## The task
The result should be a word-for-word retyping of the entries below, free of pictures.

## Saved data entries
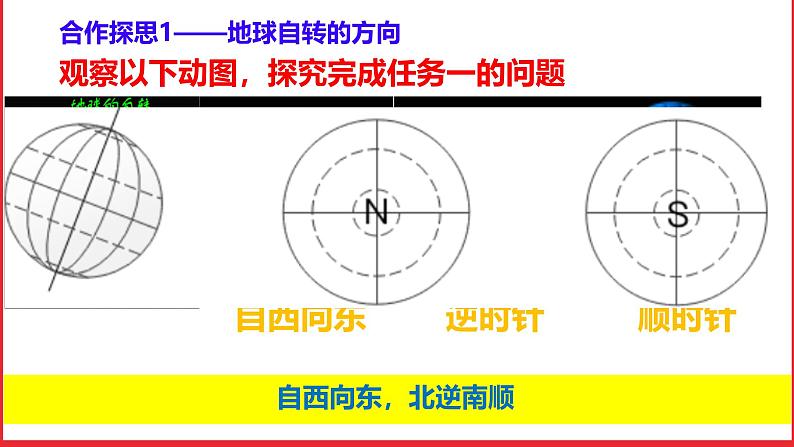 初中  地理  人教版（2024）  七年级上册(2024) 第三节 地球的运动 课件第4页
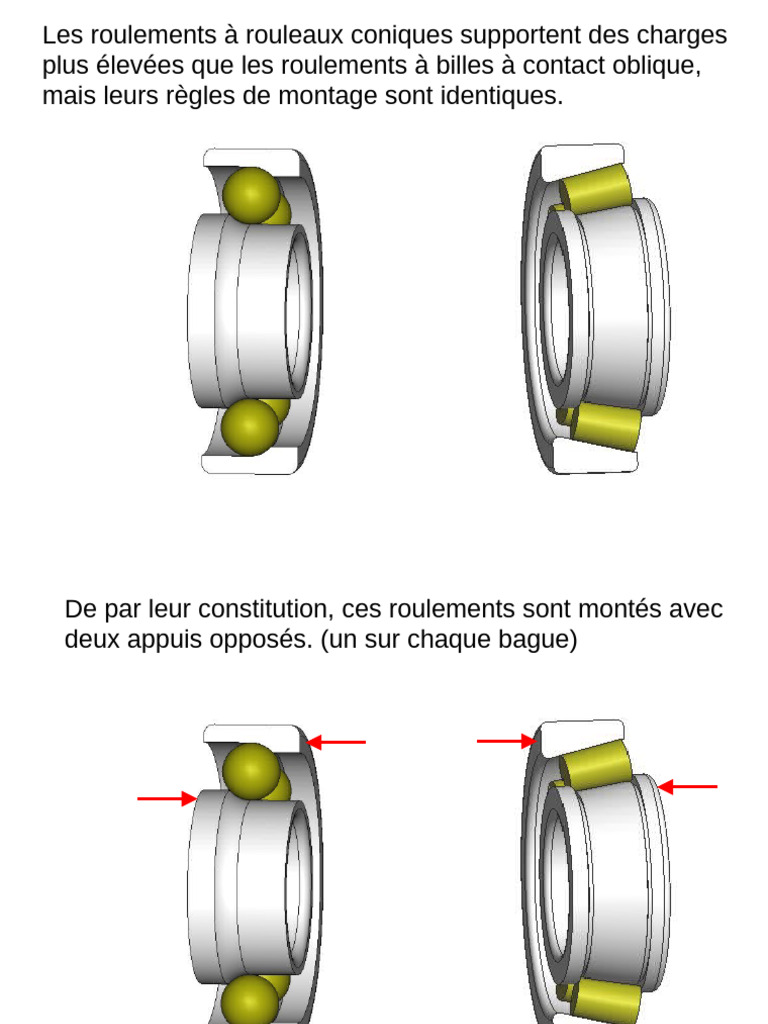 Roulements Contact Oblique | PDF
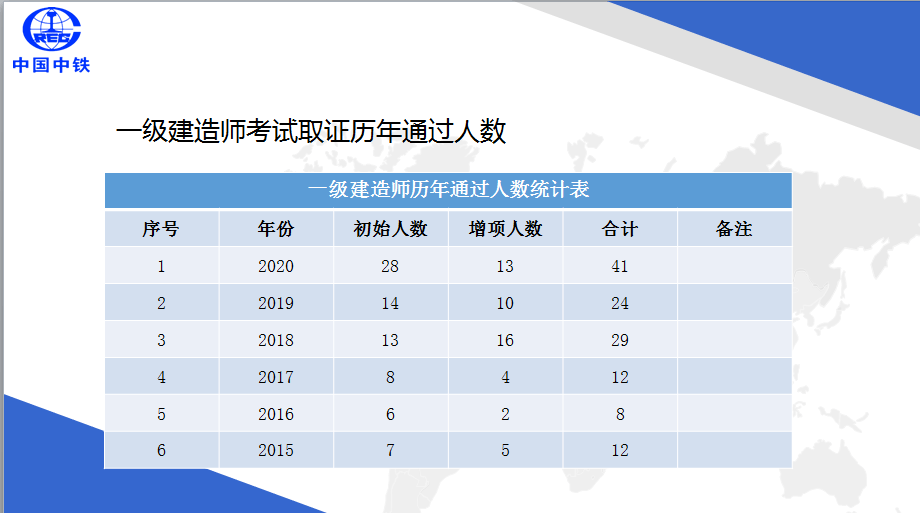 建筑一級(jí)建造師通過(guò)率二建證即將取消2022  第1張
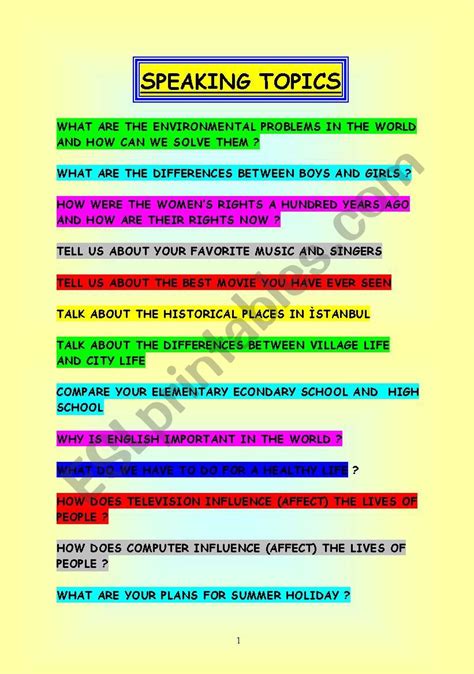 English-speaking Topic 的图像结果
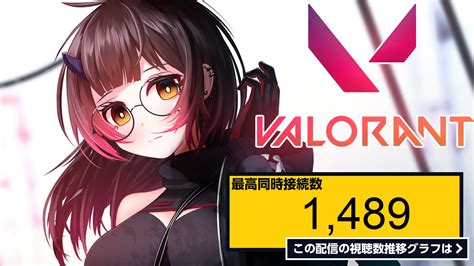 ライブ同時接続数グラフ『【valorant】ばんばんしちゃって～ばんばんばーーん！【ロボ子さん ホロライブ】 』 Livechart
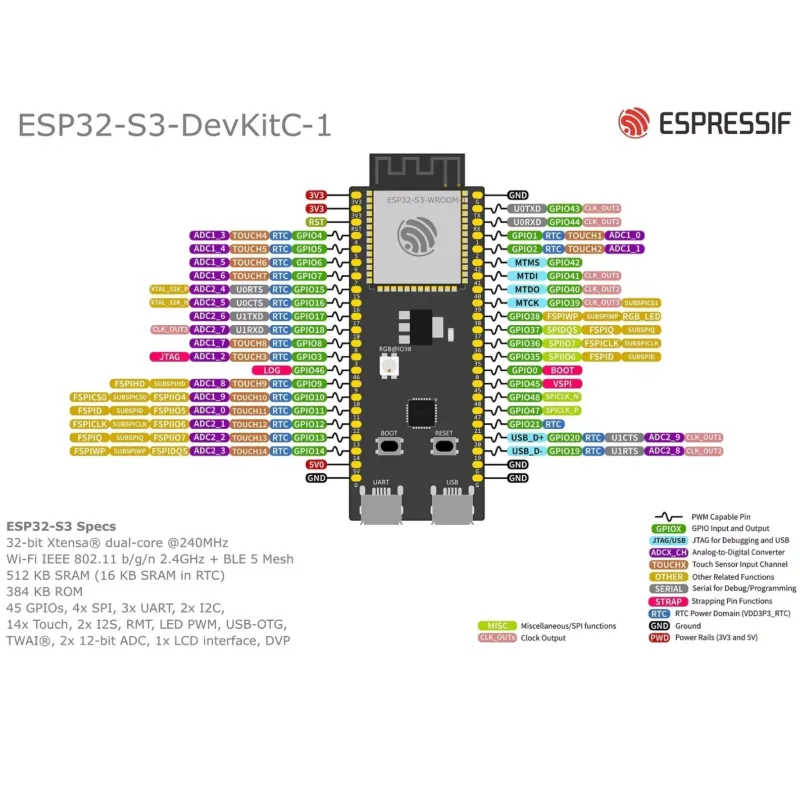 Espressif ESP32-S3-DevKitC-1開発 - Esp32 S3 のレビューと価格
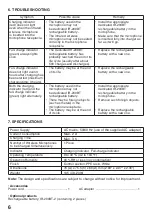 Preview for 6 page of Toa IR-310BC Operating Instructions Manual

## Response area
 初中  地理  人教版（2024）  七年级上册(2024) 第三节 地球的运动 课件第4页
 Roulements Contact Oblique | PDF
 建筑一級(jí)建造師通過(guò)率二建證即將取消2022  第1張
 English-speaking Topic 的图像结果
 ライブ同時接続数グラフ『【valorant】ばんばんしちゃって～ばんばんばーーん！【ロボ子さん ホロライブ】 』 Livechart
 Espressif ESP32-S3-DevKitC-1開発 - Esp32 S3 のレビューと価格
 Preview for 6 page of Toa IR-310BC Operating Instructions Manual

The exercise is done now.